---------- RECORDS FOR THIS EXERCISE
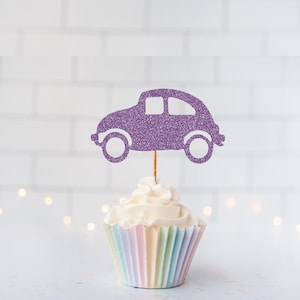 May include: A purple glitter car-shaped cupcake topper attached to a thin wooden pick, positioned vertically in the center of a white frosted cupcake with a pastel-colored pleated paper liner. The car silhouette features two circular wheels.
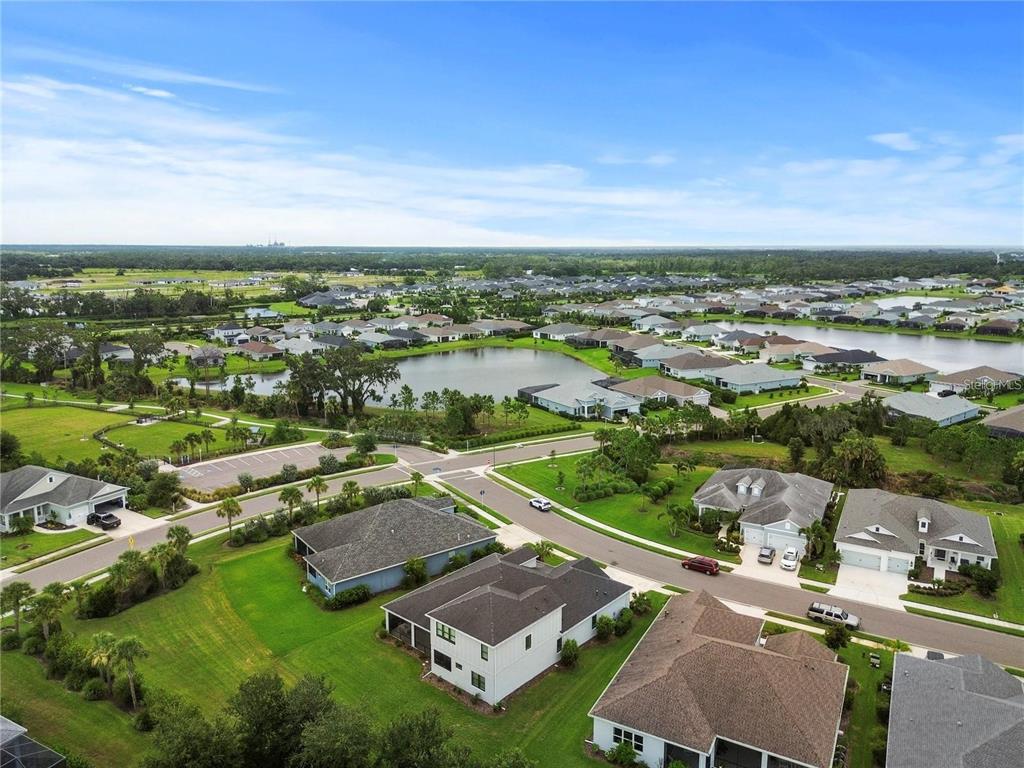 4423 Fly Rod Terrace Parrish, FL 34219 - Photo 65 of 89 an aerial view of residential houses with outdoor space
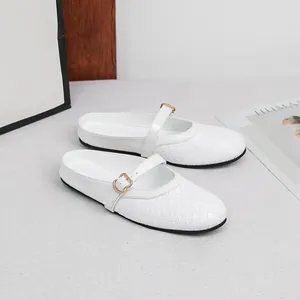 Detailed macro view showing the white woven texture and gold buckle of flat mules.
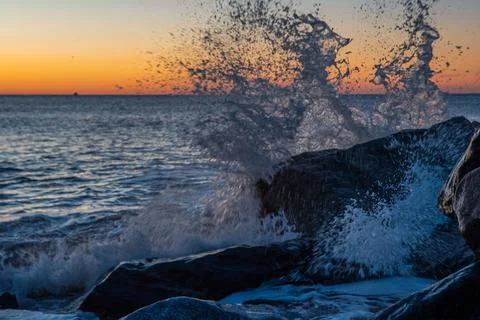 Sunrise wave splash Stock Photos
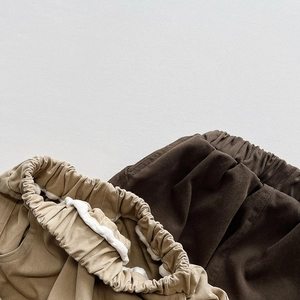 Detail of elastic waistbands in khaki and brown kids cargo pants with twill fabric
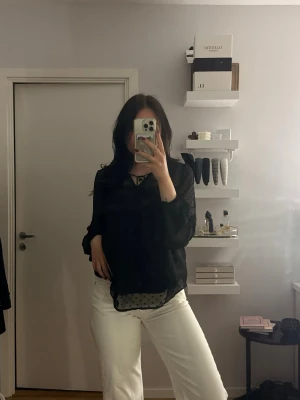 Svart blus med spetsdetaljer - Svart blus med långa ärmar och fina spetsdetaljer. Blusen har en lös passform och knytning vid halsen. Materialet ser lätt och något transparent ut, perfekt för en trendig look.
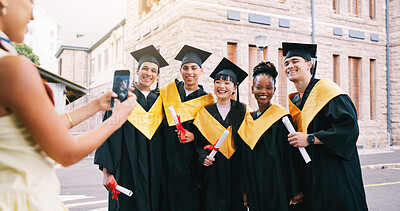 Buy stock photo Friends, phone and photo for graduation with diploma for success, education and diversity in city. Group, people and college student with milestone, celebration and hug with certificate for goals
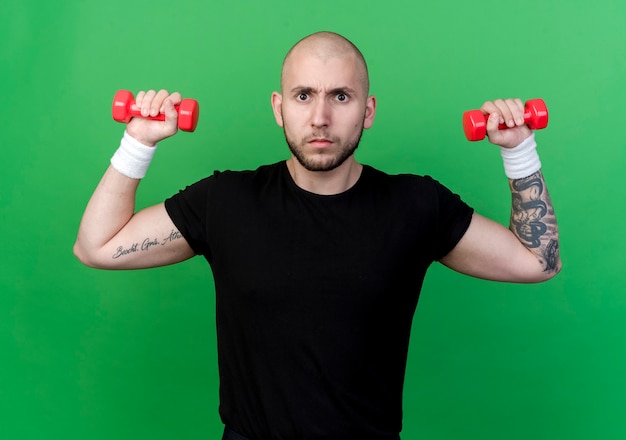 Rigoroso giovane uomo sportivo che indossa il braccialetto che si esercita con il dumbbell isolato sul verde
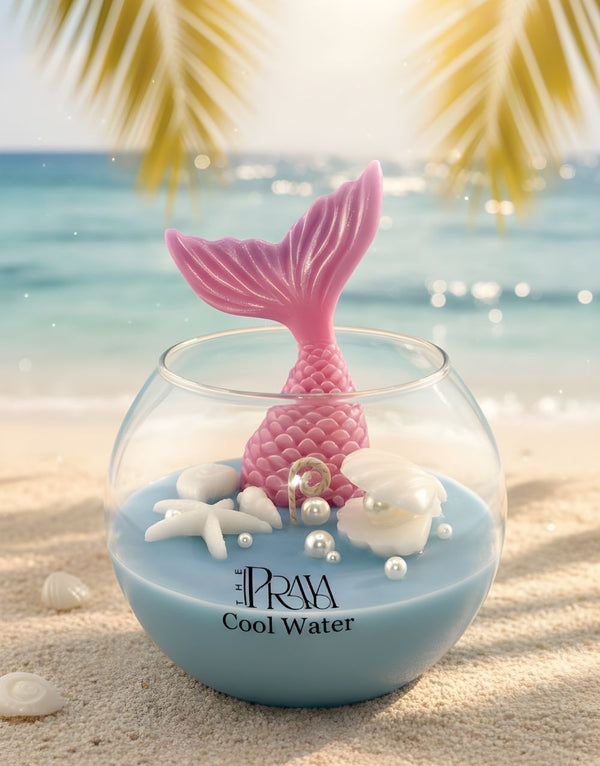 Round glass jar candle with blue wax, pink fish tail wick, and seashell decorations labeled "ARIA Cool Water".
--------------------
THE TASK. All that is required is the lines from the line containing "Buy stock photo" through the end of the records above, copied exactly, and none of the pictures.

OUTPUT OF THE TASK.
 Buy stock photo Friends, phone and photo for graduation with diploma for success, education and diversity in city. Group, people and college student with milestone, celebration and hug with certificate for goals
 Rigoroso giovane uomo sportivo che indossa il braccialetto che si esercita con il dumbbell isolato sul verde
 Round glass jar candle with blue wax, pink fish tail wick, and seashell decorations labeled "ARIA Cool Water".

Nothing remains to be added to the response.